6 Don’t worry about anything, but in all your prayers ask God for what you need, always asking him with a thankful heart.7 And God’s peace, which is far beyond human understanding, will keep your hearts and minds safe in union with Christ Jesus.

Life is difficult.  Our difficulties come from wanting conditions different from what they are in the face of change.  Our relief is found through prayer/meditation, embracing the moment’s gift outside our restless mind.

Breaking the Illusion of Certainty

The greatest truth is deeply coming to see the nature of time.  We struggle with our restlessness, grasping for conditions to be what they were or what we hope them to be.  Yet, the Law of Impermanence continues to work, moment by moment, constantly in change.  We struggle to ‘fix things’ but change is movement, nothing fixed.  Pema Chodrin writes:

“As human beings we are as impermanent as everything else.  Every cell in the body is continuously changing.  Thoughts and emotions rise and fall away unceasingly.  When we’re thinking that we’re competent or that we’re hopeless—what are we basing it on?  On this fleeting moment?  On yesterday’s success or failure?  We cling to a fixed idea of who we are and it cripples us.  Nothing and no one is fixed.” p. 31 from The Pocket Pema Chodrin

So we’re repeatedly brought back to cultivating a greater appreciation for the gift of time (change).  This gift is opportunity.  Human beings are unique because of consciousness.  We have the capacity to reflect and this inevitably causes suffering/restlessness.  This reflection creates our illusion of separateness.  This separateness is fed by our greed (craving for more), fear (stagnation to move), and our ignoring the interdependent nature of life (ignorance).  We want to be at peace, free from greed and fear, yet consciousness is not capable of fully grasping the interdependent Source of Being.  So we suffer, since we can’t get rid of consciousness.  Yet, life works us and deeper reflection creates deeper suffering and pain that “gives you many chances to investigate the root of life and deepen your life in dharma.  That’s why the Buddha said that suffering is truth.”  (p. 48,  Each Moment is the Universe by Dainin Katagiri).

This suffering is our greatest teacher as we learn to be one with this truth itself.  Katagiri describes it as touching the truth that’s always present at the depth of your life and then ‘bouncing’.  He refers to this momentary realization of truth (suffering/nonduality) as deepening wisdom, that experience of no ego and emptiness.  It’s a wondrous feeling of profound knowing that’s impossible to stay with.  Poof!  Back to consciousness and the dualistic realm.  Yet, the wisdom from these fleeting moments, once touched, is what sustains Big Hope (faith).

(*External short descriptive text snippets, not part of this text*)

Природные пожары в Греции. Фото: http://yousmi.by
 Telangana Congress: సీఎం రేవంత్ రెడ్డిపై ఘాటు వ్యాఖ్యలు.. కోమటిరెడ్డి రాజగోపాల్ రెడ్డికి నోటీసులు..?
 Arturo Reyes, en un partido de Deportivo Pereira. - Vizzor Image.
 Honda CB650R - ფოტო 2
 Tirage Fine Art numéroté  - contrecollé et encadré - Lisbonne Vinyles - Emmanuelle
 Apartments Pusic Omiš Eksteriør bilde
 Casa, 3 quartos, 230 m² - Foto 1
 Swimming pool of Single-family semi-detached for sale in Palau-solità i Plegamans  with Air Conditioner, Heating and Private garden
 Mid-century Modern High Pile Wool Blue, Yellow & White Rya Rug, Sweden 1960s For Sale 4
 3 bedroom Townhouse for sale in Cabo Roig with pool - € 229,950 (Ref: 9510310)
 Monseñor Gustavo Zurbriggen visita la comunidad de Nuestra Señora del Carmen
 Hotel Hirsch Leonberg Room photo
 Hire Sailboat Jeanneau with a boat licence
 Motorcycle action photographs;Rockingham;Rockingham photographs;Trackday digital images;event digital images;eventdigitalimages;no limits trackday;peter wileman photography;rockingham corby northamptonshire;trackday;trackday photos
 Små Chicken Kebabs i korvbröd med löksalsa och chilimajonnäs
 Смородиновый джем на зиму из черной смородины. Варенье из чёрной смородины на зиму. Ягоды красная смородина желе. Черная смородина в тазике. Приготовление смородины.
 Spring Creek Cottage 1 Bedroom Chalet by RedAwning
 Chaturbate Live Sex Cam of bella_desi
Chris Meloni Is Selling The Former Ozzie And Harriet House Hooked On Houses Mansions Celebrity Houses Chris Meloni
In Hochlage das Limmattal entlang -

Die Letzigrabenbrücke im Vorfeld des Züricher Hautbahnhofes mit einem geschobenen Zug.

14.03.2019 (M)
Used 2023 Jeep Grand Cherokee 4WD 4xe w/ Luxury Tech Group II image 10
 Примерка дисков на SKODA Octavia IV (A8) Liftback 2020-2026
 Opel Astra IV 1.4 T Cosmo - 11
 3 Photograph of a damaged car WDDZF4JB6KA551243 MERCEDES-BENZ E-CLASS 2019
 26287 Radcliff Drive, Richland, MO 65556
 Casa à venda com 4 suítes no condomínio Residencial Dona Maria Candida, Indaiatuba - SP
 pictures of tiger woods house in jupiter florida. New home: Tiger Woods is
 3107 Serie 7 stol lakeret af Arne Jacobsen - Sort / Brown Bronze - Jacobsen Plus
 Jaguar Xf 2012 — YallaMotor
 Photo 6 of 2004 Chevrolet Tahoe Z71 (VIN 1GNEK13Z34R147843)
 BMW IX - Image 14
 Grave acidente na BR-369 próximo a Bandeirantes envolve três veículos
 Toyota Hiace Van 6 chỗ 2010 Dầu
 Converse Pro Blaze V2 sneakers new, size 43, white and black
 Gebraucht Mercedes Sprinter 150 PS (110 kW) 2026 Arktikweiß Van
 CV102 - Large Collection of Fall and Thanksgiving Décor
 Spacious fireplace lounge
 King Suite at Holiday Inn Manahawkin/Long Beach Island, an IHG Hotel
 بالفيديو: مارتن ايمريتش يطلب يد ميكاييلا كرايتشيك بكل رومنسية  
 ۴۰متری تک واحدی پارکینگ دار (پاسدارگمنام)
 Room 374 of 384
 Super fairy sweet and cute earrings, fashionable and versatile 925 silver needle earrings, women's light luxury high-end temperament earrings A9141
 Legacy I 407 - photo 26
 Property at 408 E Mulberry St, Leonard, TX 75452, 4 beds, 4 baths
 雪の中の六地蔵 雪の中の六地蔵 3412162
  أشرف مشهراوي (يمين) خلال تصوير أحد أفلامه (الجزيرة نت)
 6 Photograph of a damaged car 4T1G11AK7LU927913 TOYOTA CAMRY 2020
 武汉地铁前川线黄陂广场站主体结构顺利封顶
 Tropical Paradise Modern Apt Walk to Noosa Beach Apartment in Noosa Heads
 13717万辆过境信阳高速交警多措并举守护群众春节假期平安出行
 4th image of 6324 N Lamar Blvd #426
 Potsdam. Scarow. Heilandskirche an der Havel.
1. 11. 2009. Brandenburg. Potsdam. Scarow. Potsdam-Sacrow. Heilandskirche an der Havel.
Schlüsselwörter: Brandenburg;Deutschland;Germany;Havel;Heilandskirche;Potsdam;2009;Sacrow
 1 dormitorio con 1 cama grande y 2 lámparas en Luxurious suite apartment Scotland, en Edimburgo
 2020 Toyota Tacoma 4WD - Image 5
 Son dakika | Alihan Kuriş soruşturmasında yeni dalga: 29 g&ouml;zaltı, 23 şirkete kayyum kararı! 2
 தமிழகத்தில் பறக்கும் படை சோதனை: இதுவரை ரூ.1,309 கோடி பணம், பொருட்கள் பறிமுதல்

Brother David Steindl Rast says, “Hope is what’s left when all your hopes are fallen by the way.  Faith is what’s left when your beliefs have been shown to not hold up.”  He references a poem by T.S. Elliot:

We must be still and still moving

Into another intensity

For a further union, a deeper communion…

Brother David suggests we forever realize the surprise within the surprise, that there’s always more to be discovered.  Hope is what keeps us open to a fresh future, in awareness to wholehearted action to the present moment.  We touch the moment’s arrival, motivated through our suffering, only to bounce back to consciousness and dualism with a deeper faith for having touched it.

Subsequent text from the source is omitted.